0 <= len(operations) <= 20000
1 <= shard_size <= 10000
Keys and values are non-empty ASCII strings containing only letters and digits, so they never contain '|' or ';'
The encoded length of every single put or delete record is at most shard_size

Examples

Input: (10, [('put', 'a', '1'), ('put', 'b', '22'), ('get', 'a'), ('put', 'a', '333'), ('get', 'a'), ('restore',), ('get', 'b')])

Expected Output: (['1', '333', '22'], ['P|a|1;', 'P|b|22;', 'P|a|333;'])

Explanation: Each write would overflow the current shard, so three shards are created. After restore, the latest value of 'a' is '333' and 'b' is still '22'.

Input: (20, [('put', 'ab', 'x'), ('put', 'c', 'yz'), ('delete', 'ab'), ('get', 'ab'), ('restore',), ('get', 'c'), ('get', 'ab')])

Expected Output: ([None, 'yz', None], ['P|ab|x;P|c|yz;D|ab;'])

Explanation: All records fit in one shard. The delete operation writes a tombstone for 'ab', so it is missing both before and after restore.

Input: (10, [('restore',), ('get', 'missing'), ('shutdown',)])

Expected Output: ([None], [])

Explanation: Restoring an empty store leaves it empty, and shutdown does not change anything in this simulation.

Input: (13, [('put', 'a', '1'), ('put', 'b', '22'), ('put', 'c', '3'), ('get', 'c'), ('restore',), ('get', 'a')])

Expected Output: (['3', '1'], ['P|a|1;P|b|22;', 'P|c|3;'])

Explanation: The first two records exactly fill the first shard: 6 + 7 = 13. The third record starts a new shard. Restore rebuilds the same state.

Input: (25, [('delete', 'ghost'), ('put', 'z', '0'), ('restore',), ('get', 'ghost'), ('get', 'z')])

Expected Output: ([None, '0'], ['P|z|0;'])

Explanation: Deleting a missing key is a no-op and does not create a record. Only the put for 'z' is stored.

Solution

def solution(shard_size, operations):
    shards = []
    index = {}
    get_results = []

    def append_record(record):
        if not shards or len(shards[-1]) + len(record) > shard_size:
            shards.append(record)
        else:
            shards[-1] += record

    def rebuild_index():
        restored = {}
        for shard in shards:
            for part in shard.split(';')[:-1]:
                if not part:
                    continue
                if part.startswith('P|'):
                    pieces = part.split('|', 2)
                    if len(pieces) == 3:
                        _, key, value = pieces
                        restored[key] = value
                elif part.startswith('D|'):
                    pieces = part.split('|', 1)
                    if len(pieces) == 2:
                        _, key = pieces
                        restored.pop(key, None)
        return restored

    for op in operations:
        kind = op[0]

        if kind == 'put':
            _, key, value = op
            record = f'P|{key}|{value};'
            append_record(record)
            index[key] = value

        elif kind == 'get':
            _, key = op
            get_results.append(index.get(key))

        elif kind == 'delete':
            _, key = op
            if key in index:
                record = f'D|{key};'
                append_record(record)
                index.pop(key, None)

        elif kind == 'shutdown':
            pass

        elif kind == 'restore':
            index = rebuild_index()

        else:
            raise ValueError('Unknown operation: ' + str(kind))

    return (get_results, shards)

Time complexity: O(total_bytes_written + total_bytes_scanned_on_restore).
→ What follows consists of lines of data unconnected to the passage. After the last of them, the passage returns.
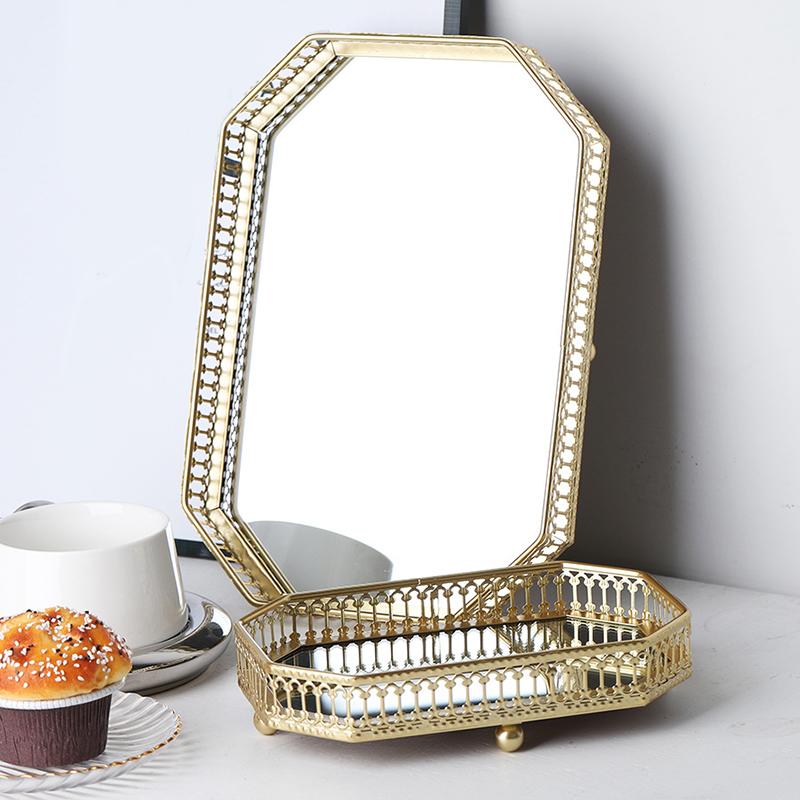 1шт поднос-органайзер для спальни, поднос для украшений, элегантные восьмиугольные подносы для косметики, металлическое настольное зеркало, основание для украшений, 2 размера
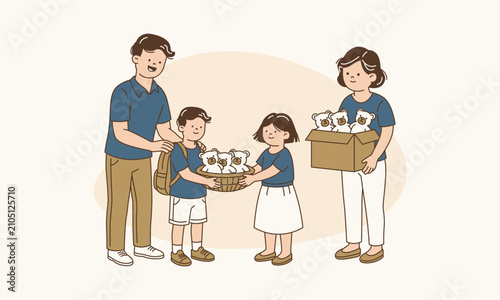 Quadro su tela Kind Parents Teaching Children to Donate Their Old Teddy Bear Toys to Other Kids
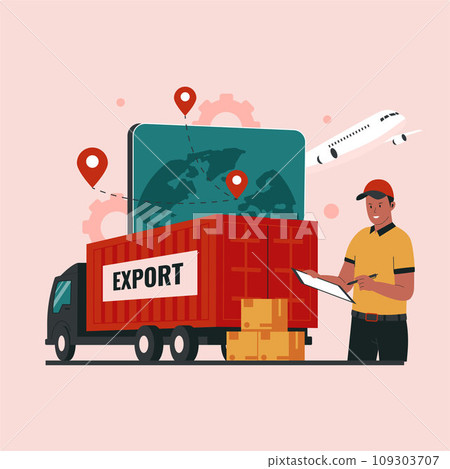 Global logistic distribution service illustration concept Global logistic distribution service illustration concept 109303707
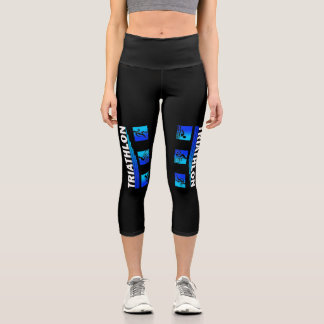 Leggings Capri Triathlon Triumph : Naviguer dans la nage, le vélo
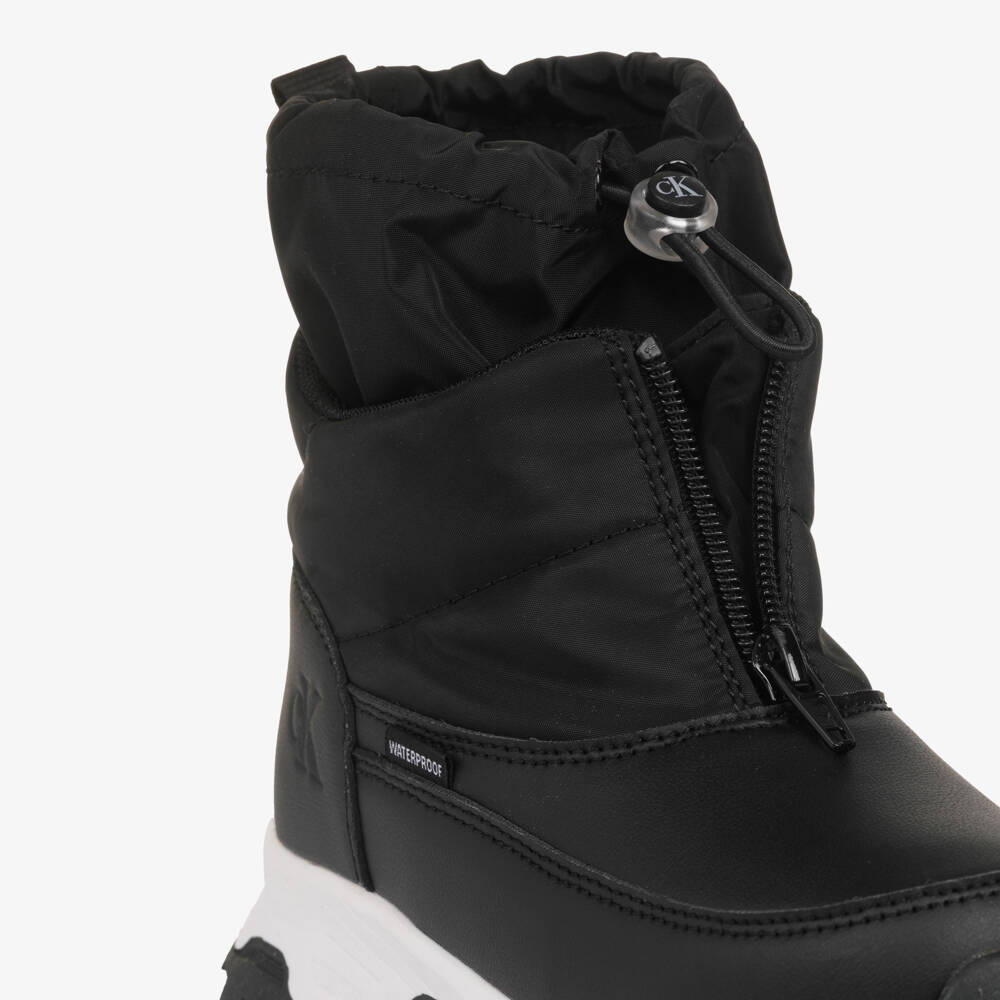 Calvin Klein-Black & White Snow Boots with Toggle & Zip | Childrensalon Outlet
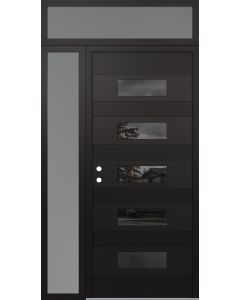 Diamond D5 50" x 96" black/black Mirrored Glass Panel black RHI with Sidelite and Transom frosted Glass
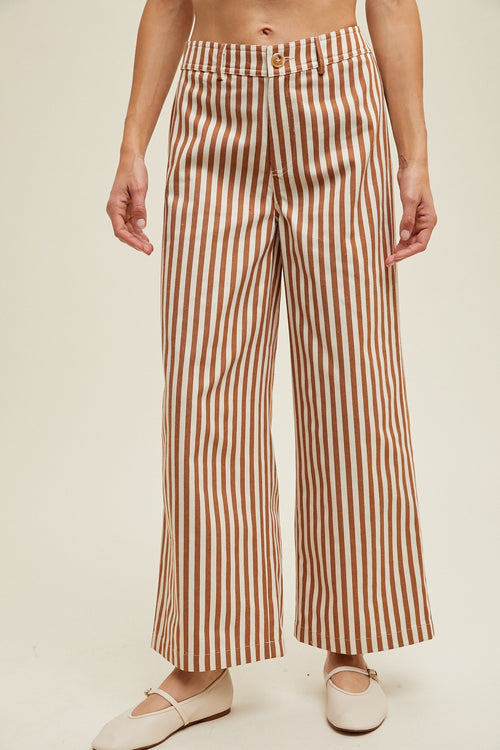 Striped Wide Leg Pants-Pants-Wishlist-Bronze/Ivory-Small-Inspired Wings Fashion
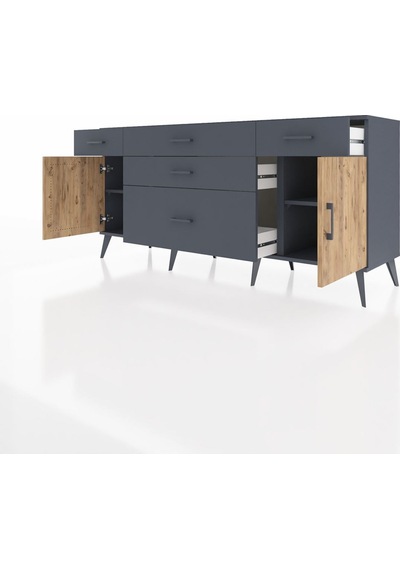 Hyperion Konsol 2 Raflı 5 Çekmeceli 2 Kapaklı 176x44x83 Antrasit-çam/antrasit Çam/antrasit Hyperion Konsol 2 Raflı 5 Çekmeceli 2 Kapaklı 176x44x83 Antrasit-çam/antrasit Çam/antrasit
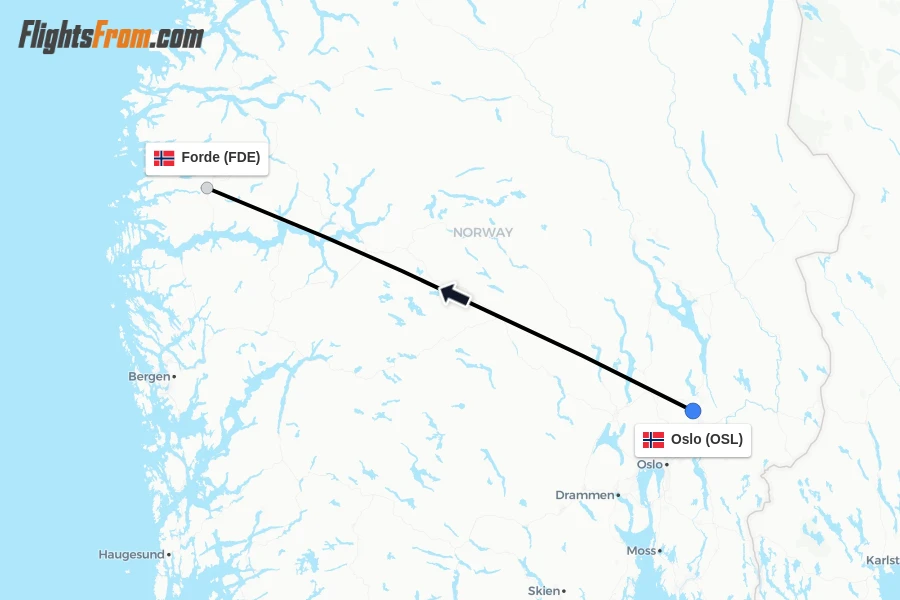 Flights from Oslo to Forde route map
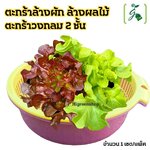 ตะกร้าล้างผัก ล้างผลไม้ ตะกร้าวงกลมสองชั้น จำนวน 1 เซต/แพ็ค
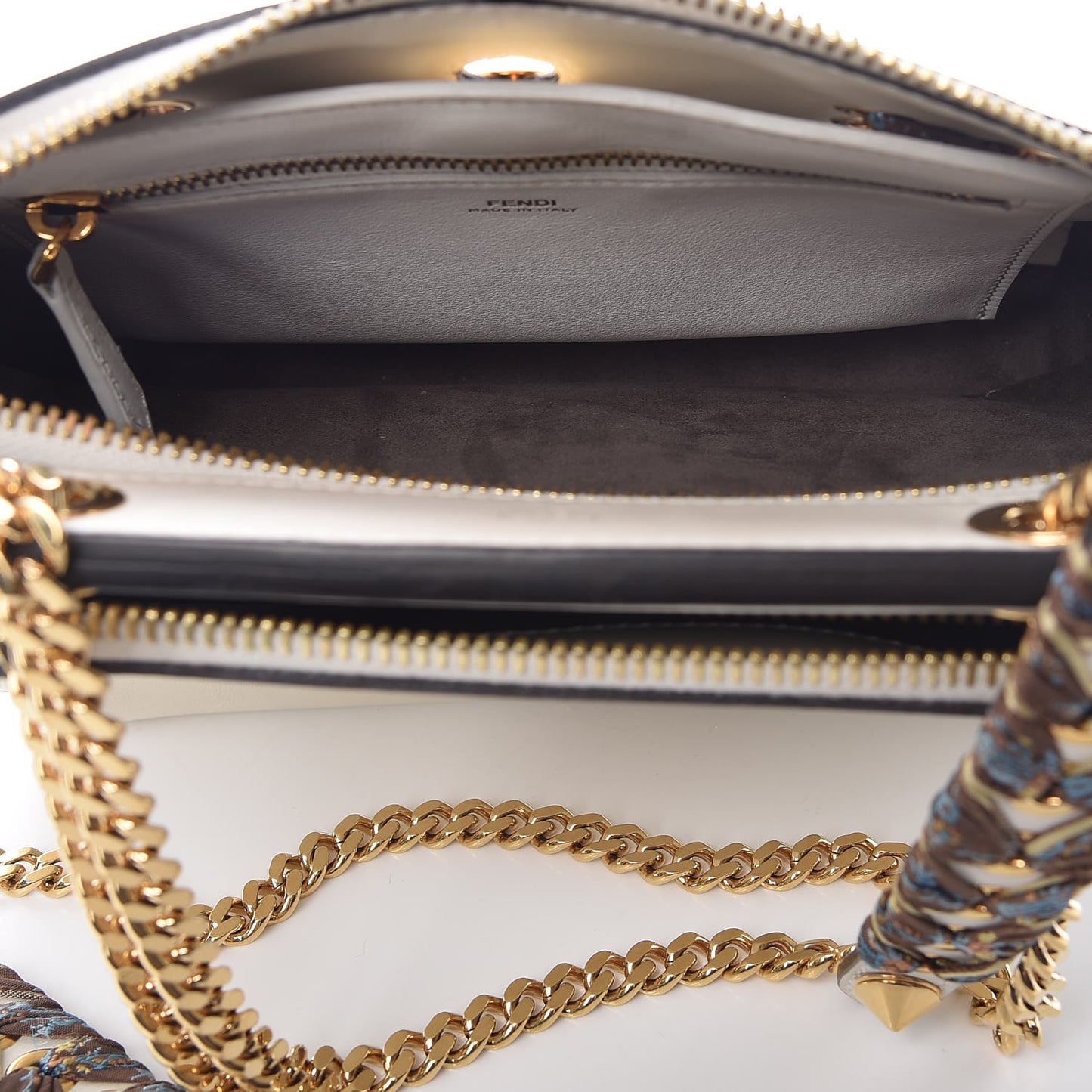 Vitello Baltico Ribbon Lace Up Floral Small DotCom Click Chain Satchel White Multicolor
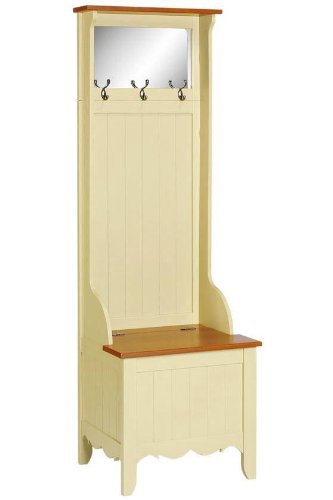 French Country Hall Tree Storage Bench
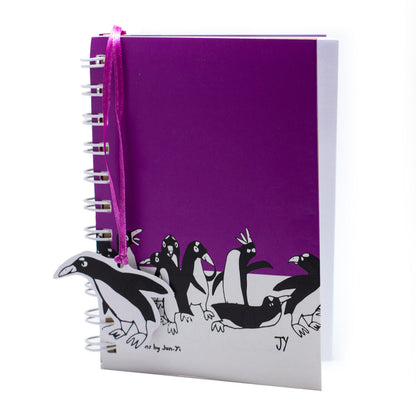 A5 Notebook - Penguin Design - Plum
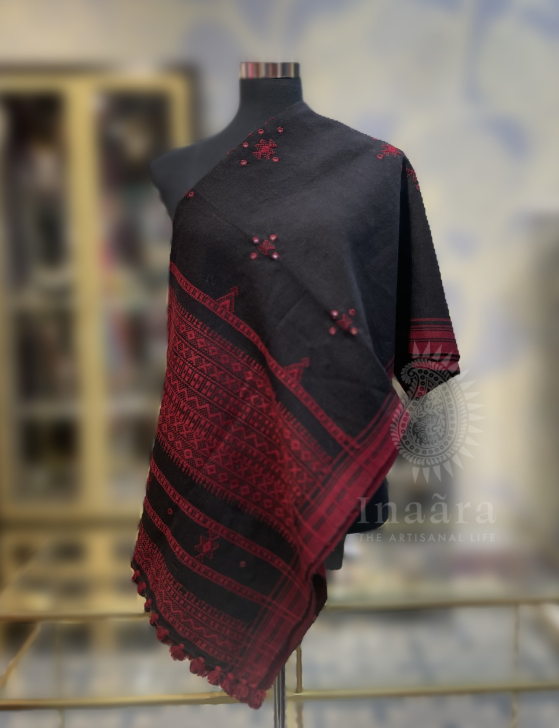 Mirror Work Bhujodi Full Shawl- Black/Maroon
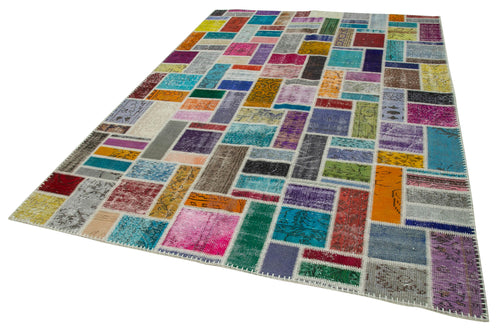 Kırk Yama Gri Patchwork Pamuk Yün El Dokuma Halısı 209x297 Agacan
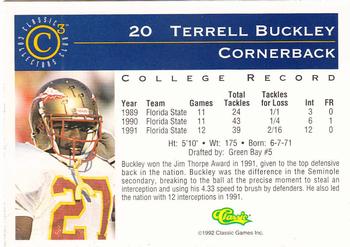 1992-93 Classic C3 #20 Terrell Buckley Back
Space complexity: O(total_bytes_in_shards + number_of_live_keys).

Hints

Use an in-memory hash map for the current state so that each get is O(1) on average.
Treat the shard contents as an append-only log. On restore, replay records from the first shard to the last; the latest record for a key wins.

Quick Overview

This question evaluates understanding of persistent storage and file-based sharding, including on-disk layout, record serialization, indexing strategies for locating the latest value per key, shard rollover, and recovery from partial or corrupt tails.